What Bourdain stumped for in Kitchen Confidential was the value of labor and the richness of the American restaurant kitchen subculture. The coronavirus crisis has revealed a hard truth, though: In Congress, the hospitality industry seems to be regarded as a sort of servant sector of the domestic economy, appreciated but not taken seriously. Airlines were given a bailout, while, at press time, legislation for relief specific to the much-larger restaurant industry was stalled.

COVID-19 will leave restaurants in a hole made deeper by this neglect. It will take years for businesses to recover, with many unseen casualties—disproportionately, the people who work the hardest and earn the least amount of recognition. In Denver, the biggest challenge will continue to be pay equity, because I doubt that minimum-wage increases, without subsidies from the state, will be viable.

Bourdain said his life was “a happy, stupid, wonderful confluence of events,” and his ability to appreciate his journey in the context of regret resonates right now. That quote comes from one of his most moving episodes of No Reservations, in season seven (available online).
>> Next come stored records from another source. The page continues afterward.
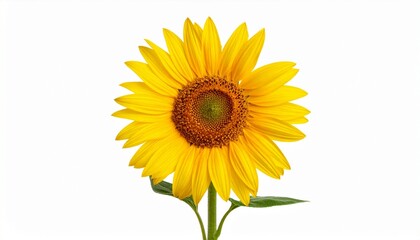 sunflower isolated on white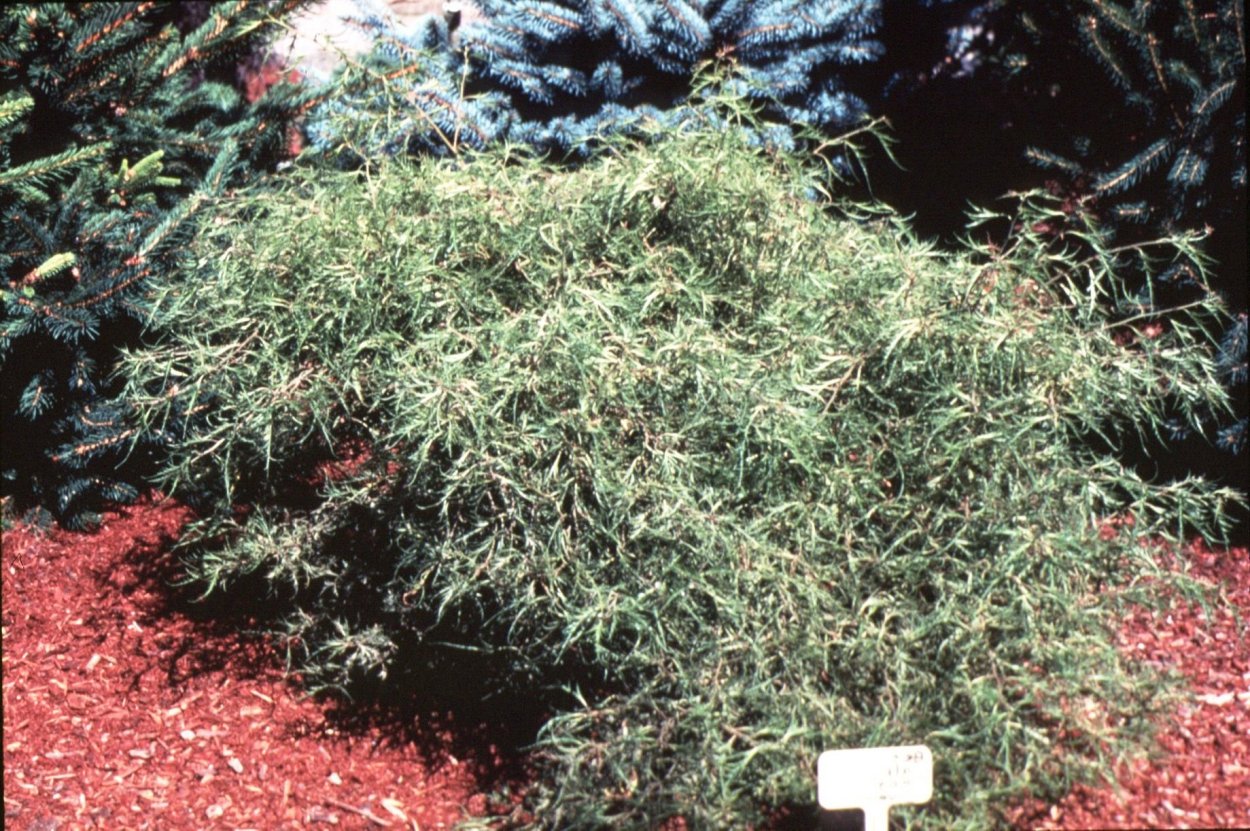 Береза повислая Тростс Дварф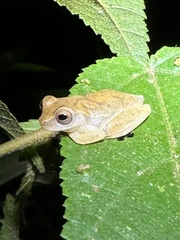 Dendropsophus microcephalus
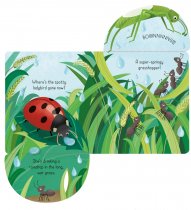 Little Lift and Look Bugs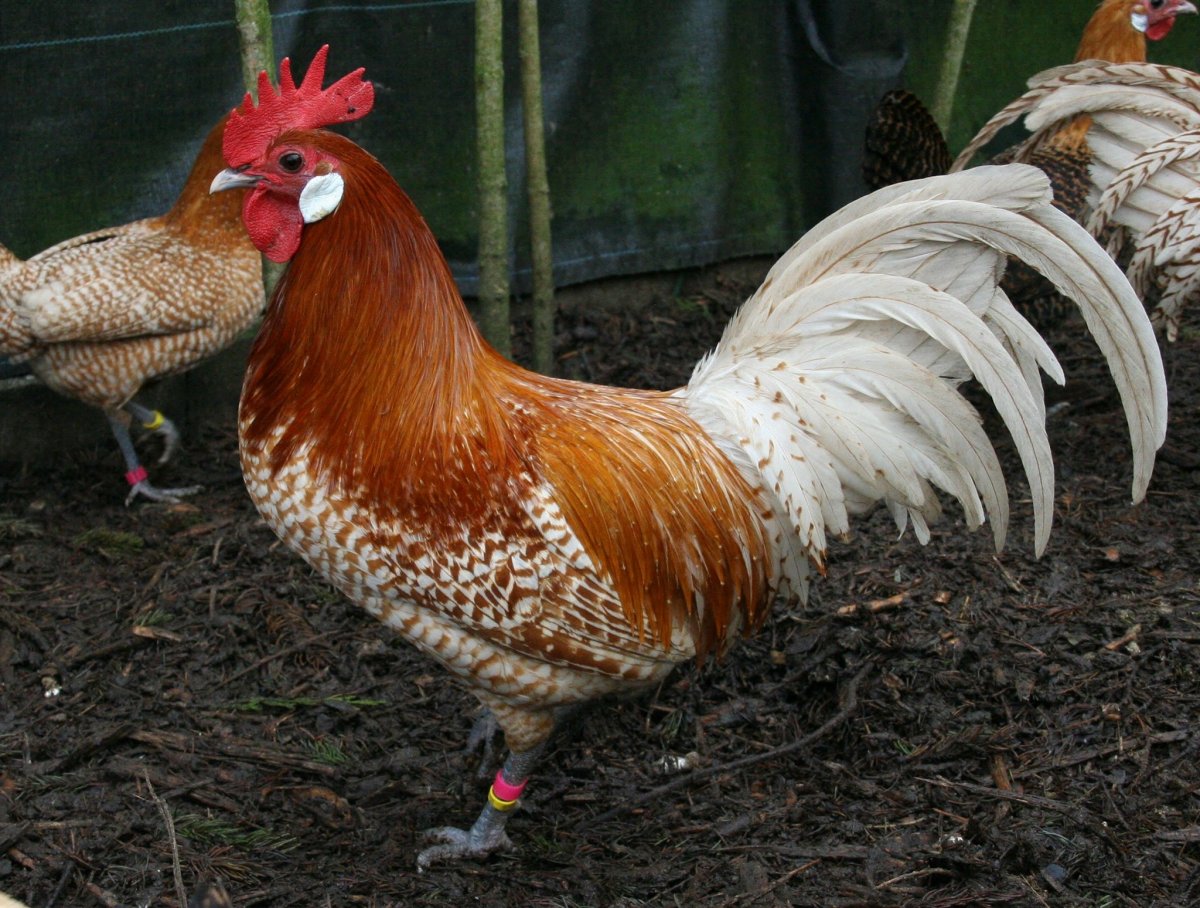 Брекель курица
It involved a return trip to Cambodia that was a televised mea culpa for a Cambodian episode of A Cook’s Tour that he had made for the Food Network a decade earlier.
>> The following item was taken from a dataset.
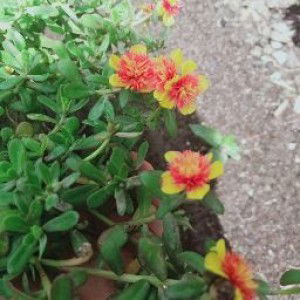 Emia Shecimile profile icon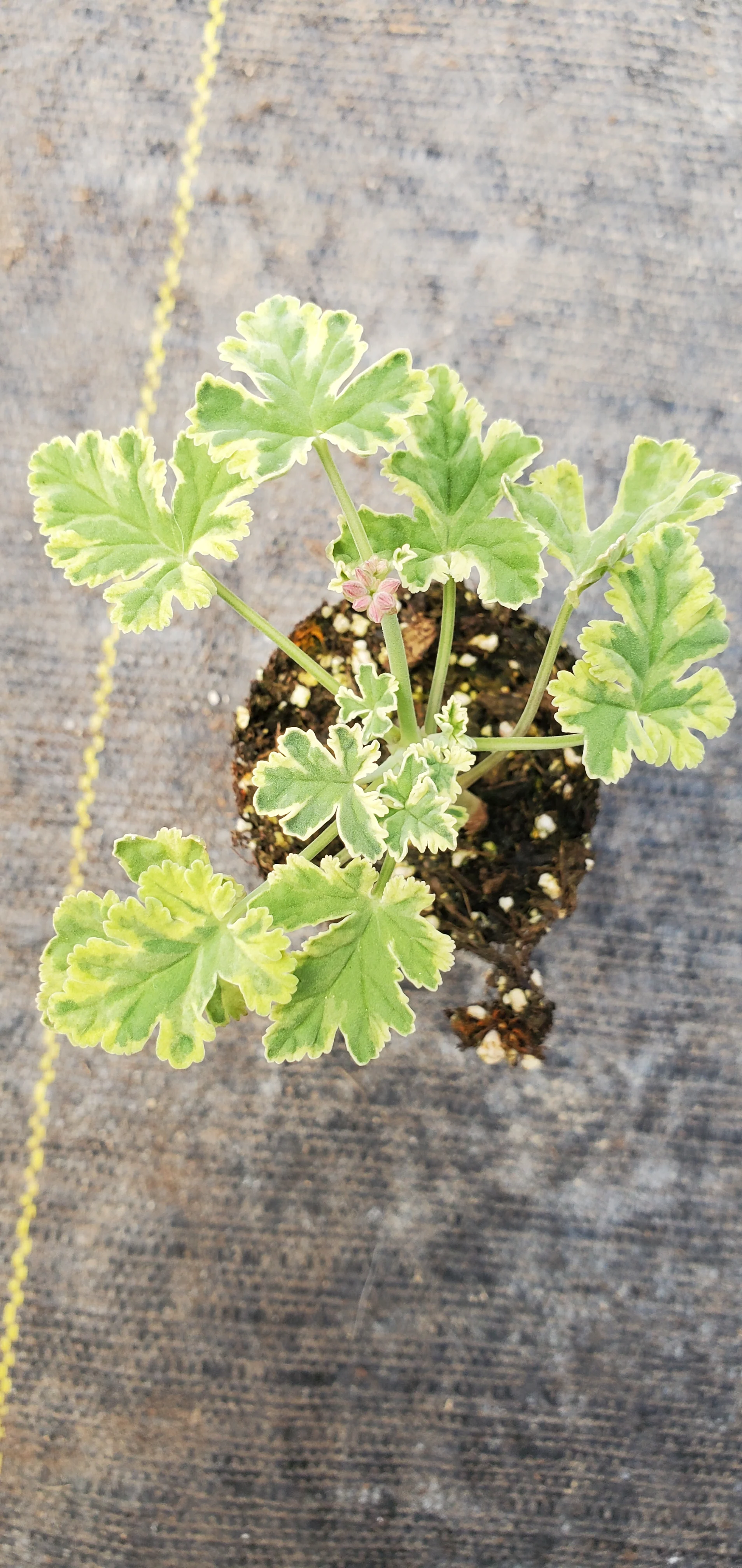 Scented Geranium Creamy Nutmeg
In 2000, Cambodia was incomprehensibly damaged by the war and genocide of the 1970s. Bourdain had gone there, in his words, with a “romantic-slash-tragic, narcissistic notion of the type of place I wanted to see and experience…completely inappropriate.” He went back in 2010 to listen, spending much of his time with women fighting for social justice and human rights. He managed something that I remember fearing impossible: to weave the theme of food and travel into a program that grappled with the extinguishing power of evil. “The food that I used to find with my mother is no longer there,” one woman told Bourdain over an open-air lunch of river crabs and fresh peppercorns. “The noodles that used to be made by the Chinese…like my grandparents, are not there. Killed.” Eschewing his earlier hubris, Bourdain constructed a message of hope amid loss in the shadow of injustice.
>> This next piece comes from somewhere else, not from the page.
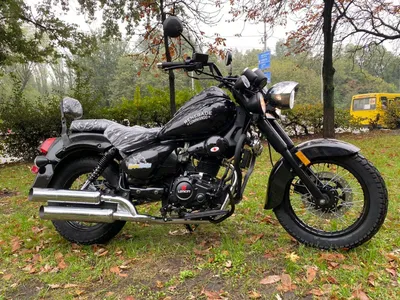 Продажа транспортного средства: Мотоцикл круизер Honda Rebel 250 📢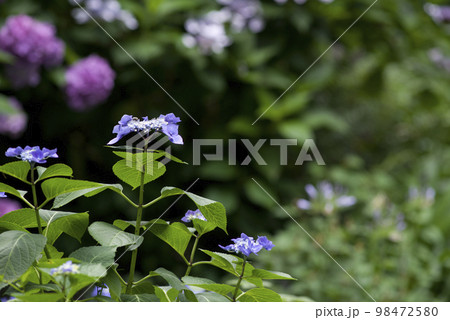紫陽花園に紫陽花の花が咲いています。このアジサイの名前はガクアジサイです。 紫陽花園に紫陽花の花が咲いています。このアジサイの名前はガクアジサイです。 98472580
I wonder if Bourdain would remain as beloved today as he was at the time of his death, or if the Twitterati might have taken a swipe even at him. At one point in his redemptive Cambodian program, he was blessed by a man who sold him food in an outdoor market—Happiness and long life, maybe 100 years! “I don’t want to live that long,” Bourdain mused. That much we learned was true. But as his journey unfolded, he made his point, and it’s there for all of us to see, and act upon.